Swedish Radio’s Ekot programme revealed in December that police were building a national database of Roma, carrying out detailed interviews with beggars across the country which involved collecting their names and asking whether they were begging voluntarily, among other questions. 
 
The report likened the register to a much-criticised database of Swedish Roma built by police in Skåne, southern Sweden, which was ruled illegal last year. 
 
Fabian Holgersson, who carried out the watchdog’s appraisal, said that the earlier register had been different in significant ways. 
 
“That was a very problematic register, there were a lot of questions. We criticised it very strongly and said that it had to be erased,” he told The Local.  
 
“The big difference this time is that police have been able to explain why they needed to have this information in their systems.
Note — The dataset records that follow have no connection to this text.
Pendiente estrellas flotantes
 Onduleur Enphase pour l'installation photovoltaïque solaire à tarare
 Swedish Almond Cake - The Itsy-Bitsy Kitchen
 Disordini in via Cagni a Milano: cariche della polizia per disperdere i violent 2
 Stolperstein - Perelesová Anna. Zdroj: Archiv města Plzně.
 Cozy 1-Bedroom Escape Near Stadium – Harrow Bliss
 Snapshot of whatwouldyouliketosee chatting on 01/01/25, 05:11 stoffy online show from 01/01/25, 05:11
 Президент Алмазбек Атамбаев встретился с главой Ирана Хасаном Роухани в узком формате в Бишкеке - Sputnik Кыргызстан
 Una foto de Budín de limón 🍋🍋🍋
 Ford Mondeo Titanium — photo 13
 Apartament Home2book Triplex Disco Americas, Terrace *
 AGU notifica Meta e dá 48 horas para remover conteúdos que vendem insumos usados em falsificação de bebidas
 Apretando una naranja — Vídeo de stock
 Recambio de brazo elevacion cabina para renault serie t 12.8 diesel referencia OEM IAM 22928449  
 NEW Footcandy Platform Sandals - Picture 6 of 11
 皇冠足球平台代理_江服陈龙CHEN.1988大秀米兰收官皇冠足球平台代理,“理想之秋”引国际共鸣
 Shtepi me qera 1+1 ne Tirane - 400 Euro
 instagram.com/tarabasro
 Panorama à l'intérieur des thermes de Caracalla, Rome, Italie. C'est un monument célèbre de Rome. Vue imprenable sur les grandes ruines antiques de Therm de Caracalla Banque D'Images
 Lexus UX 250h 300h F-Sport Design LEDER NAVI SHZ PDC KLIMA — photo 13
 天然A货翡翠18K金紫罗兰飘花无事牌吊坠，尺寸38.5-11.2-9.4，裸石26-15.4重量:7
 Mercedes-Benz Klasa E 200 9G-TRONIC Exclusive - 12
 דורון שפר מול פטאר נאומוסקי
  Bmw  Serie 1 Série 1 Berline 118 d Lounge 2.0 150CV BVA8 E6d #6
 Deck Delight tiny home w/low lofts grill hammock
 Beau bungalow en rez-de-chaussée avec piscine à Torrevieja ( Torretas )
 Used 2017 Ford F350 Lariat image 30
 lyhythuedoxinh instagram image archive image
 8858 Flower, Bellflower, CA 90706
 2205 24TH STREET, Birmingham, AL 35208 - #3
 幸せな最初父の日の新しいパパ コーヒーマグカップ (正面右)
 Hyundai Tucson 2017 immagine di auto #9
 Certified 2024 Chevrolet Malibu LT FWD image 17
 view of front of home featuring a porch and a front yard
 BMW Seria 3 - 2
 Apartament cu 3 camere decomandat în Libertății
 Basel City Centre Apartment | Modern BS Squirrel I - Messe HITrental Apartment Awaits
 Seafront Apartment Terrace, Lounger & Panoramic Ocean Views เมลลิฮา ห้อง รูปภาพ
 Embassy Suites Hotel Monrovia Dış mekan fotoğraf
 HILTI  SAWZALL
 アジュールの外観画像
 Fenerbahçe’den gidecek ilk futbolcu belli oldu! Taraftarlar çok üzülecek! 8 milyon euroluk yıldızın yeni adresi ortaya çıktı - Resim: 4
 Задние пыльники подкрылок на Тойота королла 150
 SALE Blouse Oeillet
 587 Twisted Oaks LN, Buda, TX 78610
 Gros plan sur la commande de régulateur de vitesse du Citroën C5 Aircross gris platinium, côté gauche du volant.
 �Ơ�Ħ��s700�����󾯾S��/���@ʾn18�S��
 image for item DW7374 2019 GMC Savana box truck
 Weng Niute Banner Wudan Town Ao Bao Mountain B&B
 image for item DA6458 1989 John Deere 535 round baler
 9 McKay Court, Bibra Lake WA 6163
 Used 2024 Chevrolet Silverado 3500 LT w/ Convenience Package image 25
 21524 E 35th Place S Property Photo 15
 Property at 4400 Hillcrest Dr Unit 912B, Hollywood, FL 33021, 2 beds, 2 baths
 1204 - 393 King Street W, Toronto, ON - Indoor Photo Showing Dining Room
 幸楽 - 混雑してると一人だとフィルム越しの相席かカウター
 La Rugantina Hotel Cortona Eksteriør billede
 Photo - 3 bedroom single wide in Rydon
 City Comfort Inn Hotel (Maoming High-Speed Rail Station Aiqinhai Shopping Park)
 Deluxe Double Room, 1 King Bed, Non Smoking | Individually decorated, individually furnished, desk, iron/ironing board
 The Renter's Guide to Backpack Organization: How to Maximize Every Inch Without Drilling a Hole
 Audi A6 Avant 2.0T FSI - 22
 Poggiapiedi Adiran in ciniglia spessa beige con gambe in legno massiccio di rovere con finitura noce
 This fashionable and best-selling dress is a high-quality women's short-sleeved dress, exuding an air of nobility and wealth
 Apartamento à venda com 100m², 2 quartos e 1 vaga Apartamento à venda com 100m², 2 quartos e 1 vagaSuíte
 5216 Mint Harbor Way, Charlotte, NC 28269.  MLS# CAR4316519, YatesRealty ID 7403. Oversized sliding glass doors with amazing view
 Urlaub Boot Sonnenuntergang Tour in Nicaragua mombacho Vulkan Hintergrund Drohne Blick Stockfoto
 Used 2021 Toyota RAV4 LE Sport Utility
Their main priority has been to get a better picture of trafficking in human beings in connection to begging.” 
 
He said that Roma in Sweden were “a very exposed group” on whom police had little information.
 
As Bulgarian and Romanian Roma are EU citizens, they have no requirement to secure a work or residency permit, or register in any other way on entry to the country.
 
Police in December stressed that police needed more visibility of the Roma living in Sweden in order to protect them from abuse. 
 
“If we in the police see that there is a vulnerable person that we suspect may fare badly, we need to ask questions of care,” Linda Staaf, Director of National Intelligence, told Sveriges Radio.
 
Hans Caldaras, a Swedish singer and Roma activist, said that the study was simply an excuse to compile statistics based on ethnicity (which is not usually done in Sweden) and to get Roma “out of the country”.
 
Martin Valfridsson, Sweden's national coordinator for vulnerable EU citizens, estimated in a report on the Roma published in February that an estimated 5,000 of them had come to beg in Sweden in 2015
 
He called on Swedes to stop giving money to beggars, and instead give their money to charities helping lift the community out of poverty in their home countries.  
 
He also warned Swedish municipalities against accepting Roma children in schools unless they have a permanent address, or providing sites where Roma can erect temporary dwellings. 
 
"The message is that you're allowed to come here, but if you do you must live here legally. Society must have a strict approach to that you're not allowed to settle on someone else's land," he said.